Watching a writer work must be the most boring activity in the known universe. At least with watching paint dry you can watch the slight color change that usually happens during the process. A writer can be hard, nay, even furiously at work and still moving less than the average graveyard angel. Then comes the big burst of activity—if you’re both lucky—typing. Or maybe scribbling with pen and paper, if you’re into that old school method. Then…nothing again. For greater or lesser slices of eternity. Most writing doesn’t happen on the page. It happens somewhere inside and in the kinetic connection between mind and computer keys. When it happens, which isn’t always.

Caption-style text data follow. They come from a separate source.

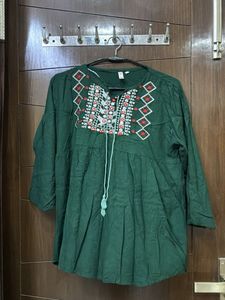 Embroidered Green Top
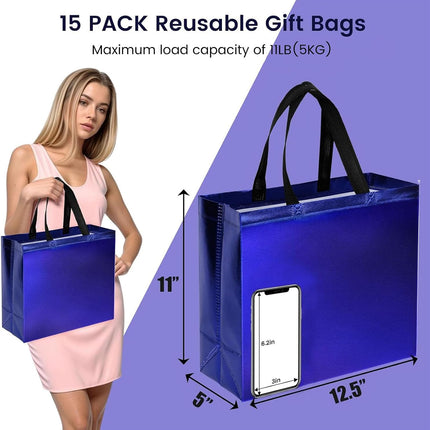 15 Pack Blue Gift Bags with Handles, 12.6 X 5 X 11 Inches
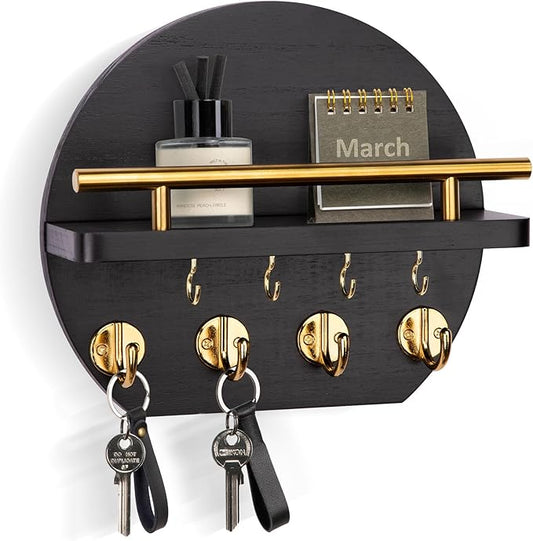 Nekon Key Holder for Wall - 9.8 Inch Apartment Wall Decor with Shelf and 8 Key Hooks, Circular Wood Key Hanger for Home Decor (Black with Golden Hooks)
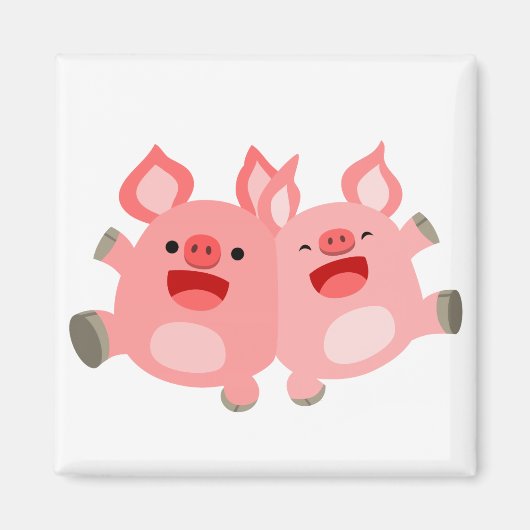 OUI ! ! Magnet de cochons de dessin mignon (Devant)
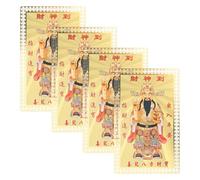 Didiseaon 4pcs Chinese Wealth Charm God of Wealth Card Feng Shui Protection Amulet for Home Office Year Horse Blessing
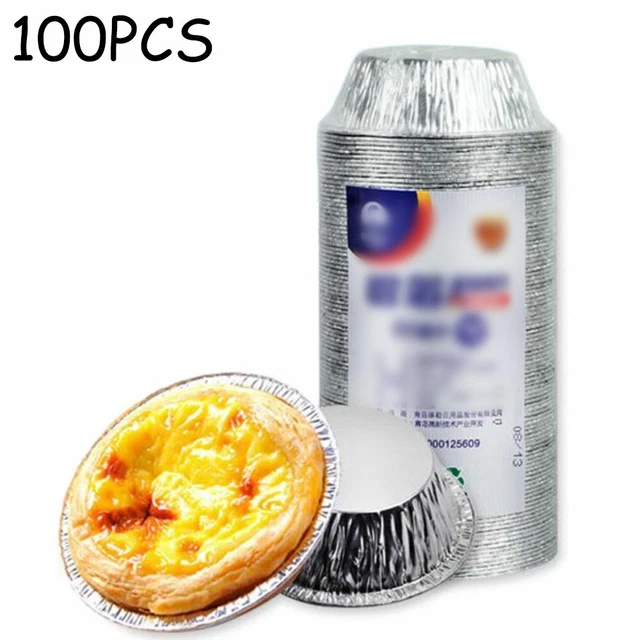 Herramienta de molde para hornear tarta de huevo de hojalata hágalo usted mismo desechable para el hogar pudín plateado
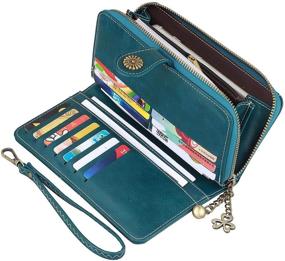 img 4 attached to 👜 Premium Leather Bifold Wristlet: Women's Organizer Handbags & Wallets for Stylish Convenience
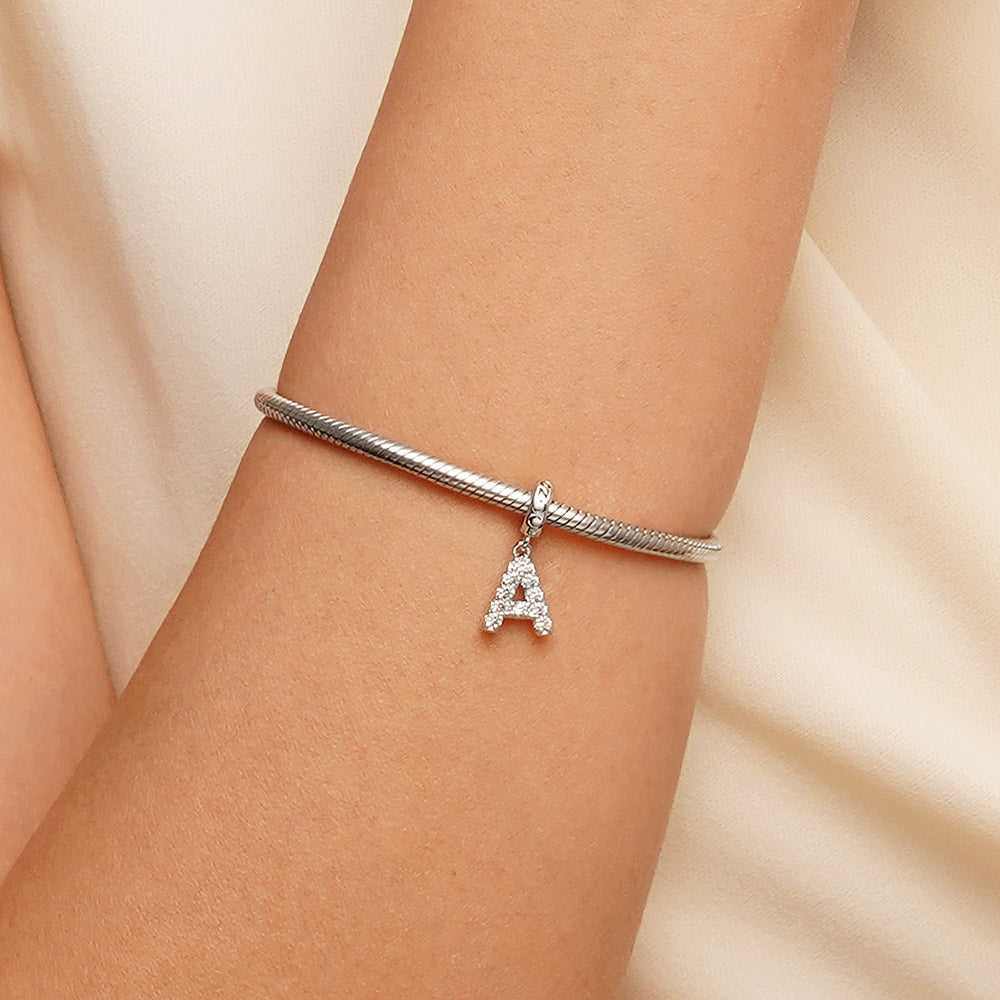 Gnoce Initial Letters Personalized Birthstone Gift Charm Platinum-plated Silver Blend_6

Still getting the words down, which is what it’s all about. Making my quota most days, sometimes a bit more. Hit something of a milestone this morning when I crossed the 50,000 word threshold. As thresholds go it’s pretty meaningless, but to me it signals that the book is over half way done. I don’t write doorstops, I know I’ve mentioned this before. I expect to wrap it up at about 90,000 words. If I don’t, I’ll be as surprised as anyone. I know what’s already happened, what’s about to happen, and a penultimate scene that breaks it down, wraps it up and kicks the entire thing to the curb. In a good way. Some old friends return. Some not-so-friends, and All is Revealed. Well, most of it.
I am so looking forward to that. I think Yamada is too. And by the way, this is a three-princess book. First time I think there’s been more than two. Nope, three. And one especially.
El V’s process is very different. It all happens on the page, i.e. keyboard and screen. He writes, reads, re-writes, writes, reads, re-reads, endlessly, over and over and over and over. He also reads and re-reads aloud, over and over and over and over, endlessly.
He doesn’t sit and ruminate at all.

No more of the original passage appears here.